The Mare: A book recommendation Part I

This is a long review! Bottom line, HUGE thumbs up.

Another girl and her horse book?
I was enticed to read The Mare by Mary Gaitskill after hearing a review on NPR -- it's about an eleven-year-old Dominican girl living in Brooklyn, Velvet Vargas. Through the Fresh Air Fund, Velvet spends part of the summer in upstate New York, where she is introduced to horses. And so the story begins.

Many of us would buy this book on the title and cover alone, right? Yes, there are horses and a horse-crazy girl. But The Mare is a book about horses the way Moby Dick is a book about whales. In  The Mare we see a girl's life transformed by her love of a horse -- but it's also about family, love, race, culture. It's a brutal story at times, but I connected with the characters and their interrelationships.

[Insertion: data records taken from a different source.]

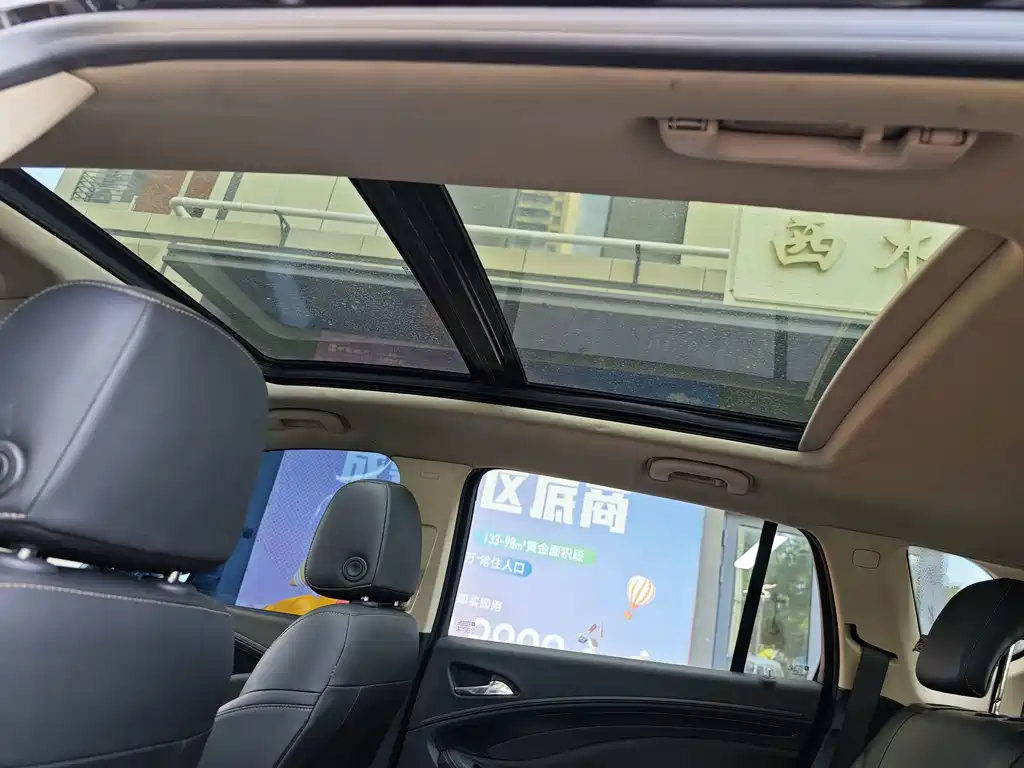 Buick Envision Plus 2017 — фото 17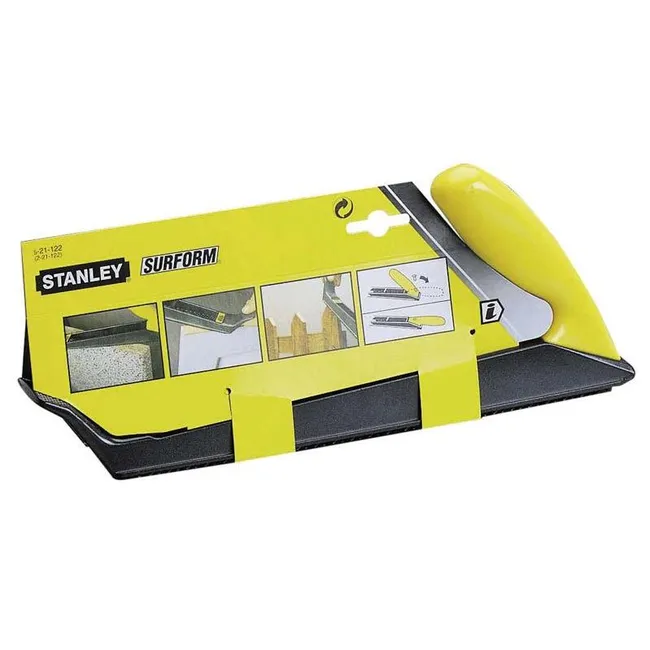 STANLEY 5-21-122 Surform Metal Gövdeli Törpü 310 mm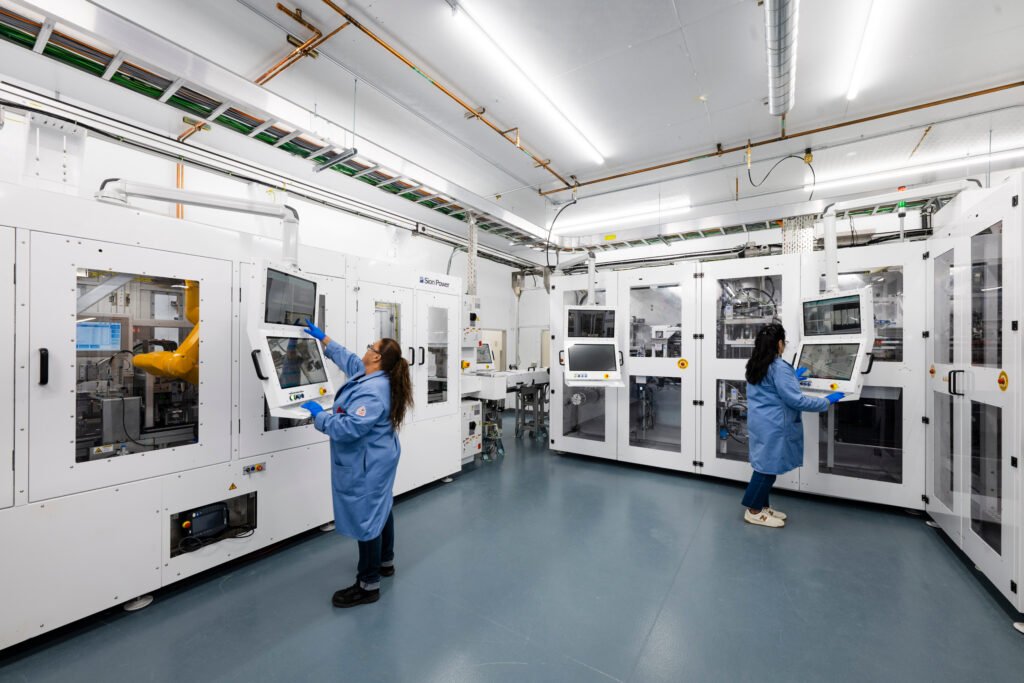 A leap in drone range and payloads come from a battery with different chemistry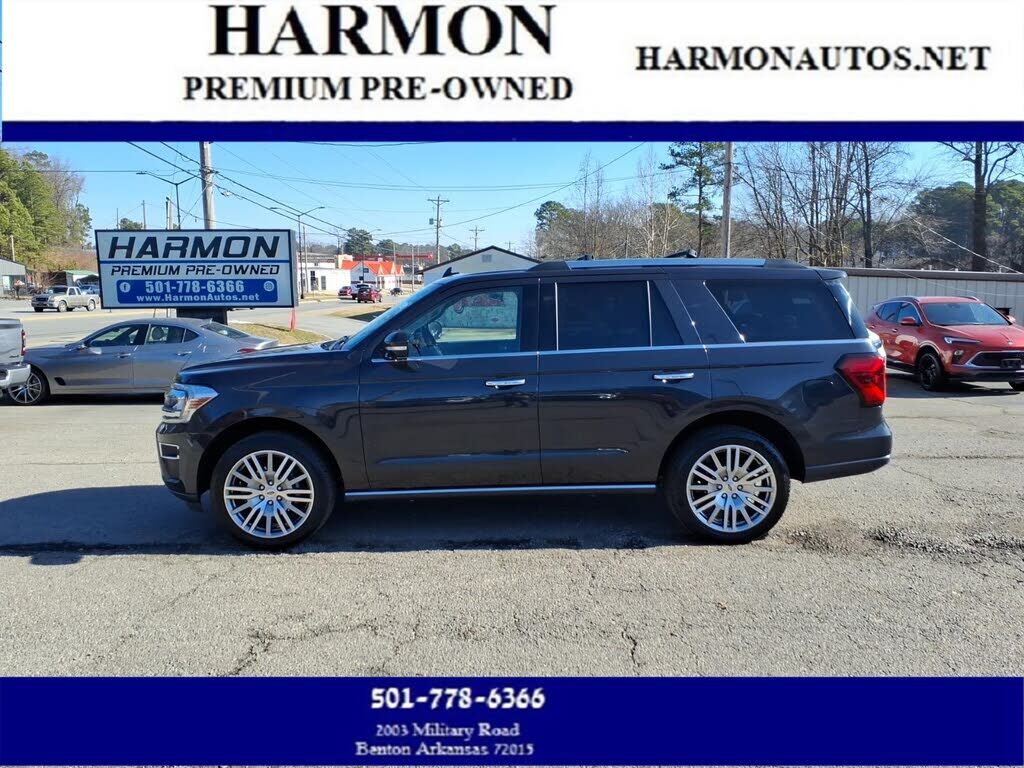 2024 FORD Expedition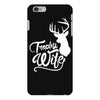 trophy wife deer iPhone 6 Plus/6S Plus Case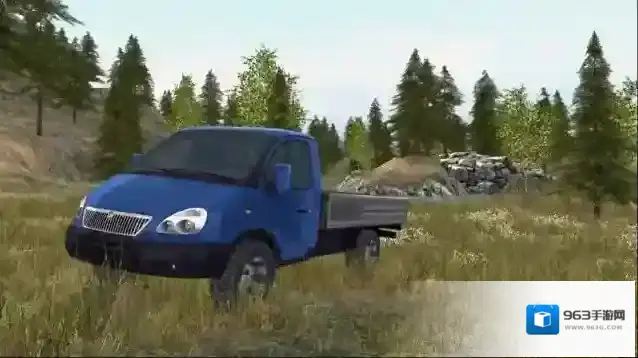 狂野的赛车性能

Written in first person -- each character speaks for him/herself -- the novel has the feel and all the introspection of a diary.  The Mare is not a fast read, but it's not an intimidating read either -- it won't tax your vocabulary, and there are no paragraph long sentences to parse out. But take your time with this book. It's a powerful story told in surprisingly simple language, a lesson in how much can be conveyed with few words.

Plot summary
The story opens as Velvet says goodbye to her mother at the bus station. The Fresh Air Fund is sending her to upstate New York to visit  a childless middle-aged couple, Ginger and Paul. While visiting, she forms a friendship with Ginger, a failed artist and recovering alcoholic. Ginger takes Velvet to a neighbor's horse barn and Velvet  is drawn to the horses. Velvet's special empathy and   feel for working with horses is apparent. Through Ginger's efforts, Velvet is allowed to continue to visit and ride the entire summer.

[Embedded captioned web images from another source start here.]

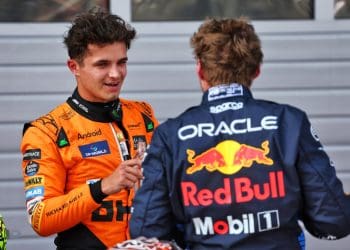 Norris acredita que a velocidade da McLaren na Fórmula 1 não é suficiente para competir com Verstappen.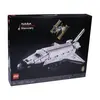 Bild von Konstruktionsspiele - Entdeckung des Space Shuttle der nasa Lego Creator Expert 10283 TU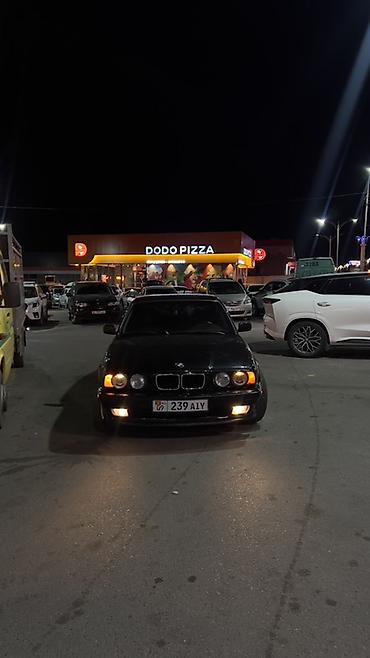 bmw e60: BMW 5 series: 1994 г., 2.5 л, Механика, Бензин, Седан — 3
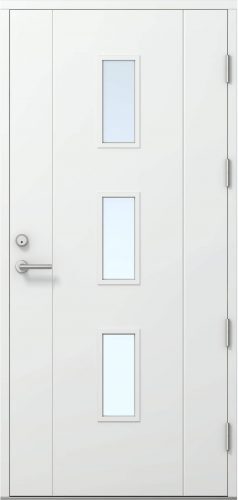 Ārdurvis Kaski Luleå Classic collection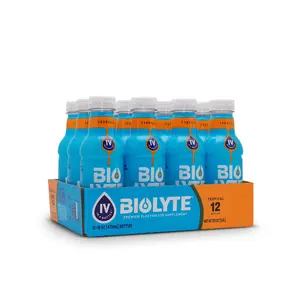 BIOLYTE TROPICAL - READY TO DRINK - 12 PACK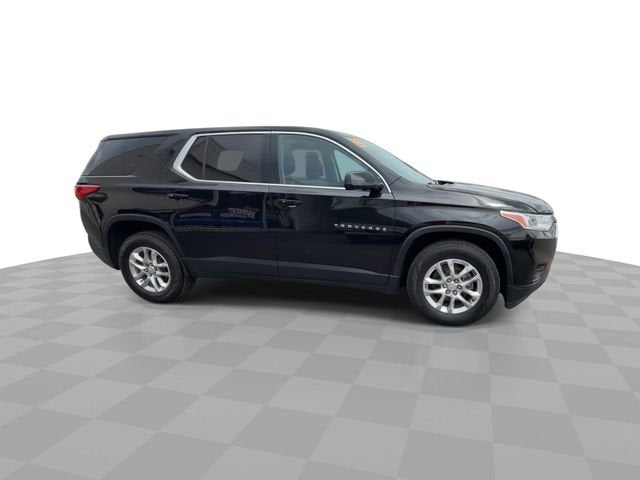 2020 Chevrolet Traverse LS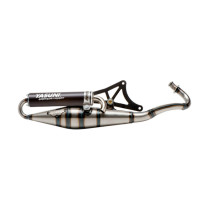 Pot d'échappement YASUNI Z Piaggio Zip/Typhoon/NRG/Gilera Runner noir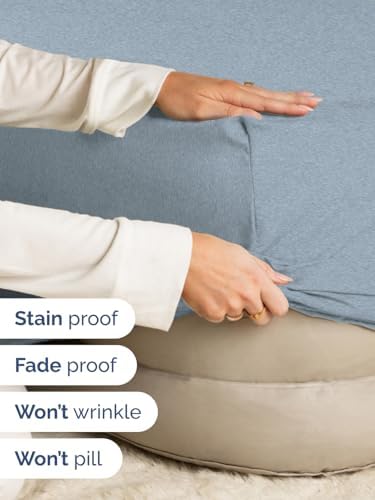 CGK Linens Deep Twin XL Fitted Sheet - Image 4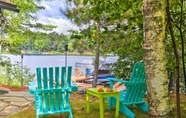 Lainnya 7 Lakefront Cabin w/ Private Dock & Fire Pit!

From then on, Velvet navigates two worlds -- the poverty and harsh life in Brooklyn and her abusive mother is depicted in stark contrast to the more privileged suburban life outside the city, and the horse world. This divided existence brings turbulence and strain, and at times Velvet's loyalties are torn.  Her mother Silvia is threatened by the instrusion of a "second mother" Ginger. Ginger is well-meaning, but she comes to question her own motives and the wisdom of bringing Velvet into her life. In suburbia Velvet is an oddity, and the social awkwardness is palpable. "Are you in a gang?" she is asked by the first girl she meets at the barn. An adult meeting her for the first time proclaims, "Oh, you're the Fresh Air girl!"

In my first reading I don't feel I've grasped all this novel has to offer. I was so taken the beauty of the language and subtlety and complexity of the characters, I just let myself feel the story. It's one of few books I want to re-read.

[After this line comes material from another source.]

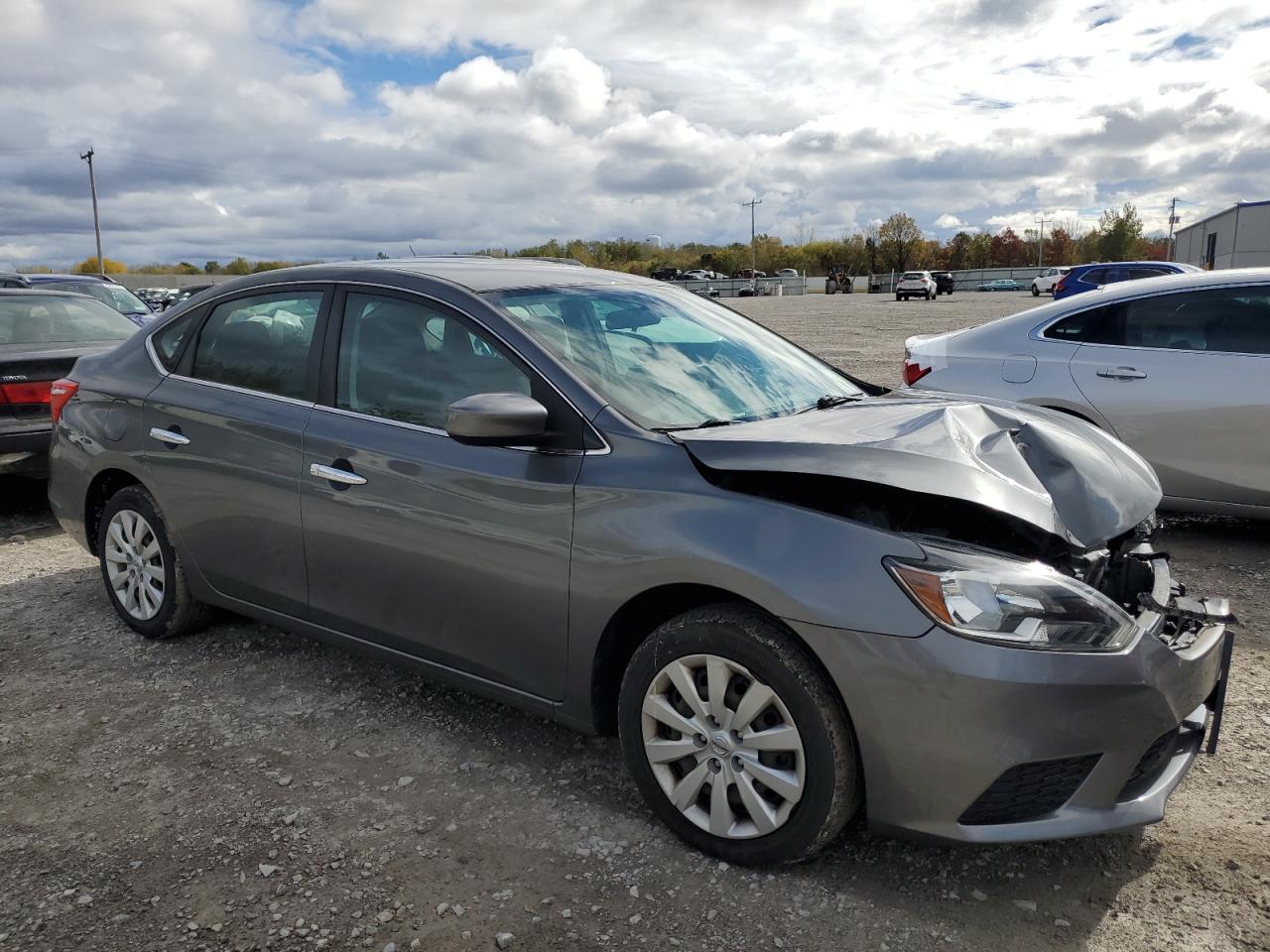 2019 NISSAN SENTRA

In one of my favorite passages, the young rider Velvet goes to her first big horse show, as a spectator. She is deeply sensitive and connects emotionally with the horses in her home barn; she has a natural feel for them, like a horse whisperer, as the barn kids joke. But one day she is taken to a large hunter/jumper show...
"We came to the hunter ring 3... I only stood by the fence for a few minutes watching this gray horse with beautiful spots curving his neck against the bit while his rider made him canter around the same jump again and again.  Then I went and sat on some empty bleachers. Because I did not want to be here. There were horses all around me and I did not feel them at all, it was like they were part of machinery that I didn't know how to work, and they were controlled by this machinery. All of them were beautiful, more beautiful than any horse at Pat's or Estella's, like models compared to the people you see on the subway. But I couldn't feel them. Horses usually make me feel calm, and these were making me feel something else. 
And I was going to have to be here all day."


1 comment:

  1. A similar suggestion would be Foals Bread, by Gillian Mears. It's brutal story of a family who's passion is the high jump competition on the agricultural show circuit in Australia. I can't say I enjoyed it as it was somewhat confronting and I found the main character unlikeable, but it is a worthy read.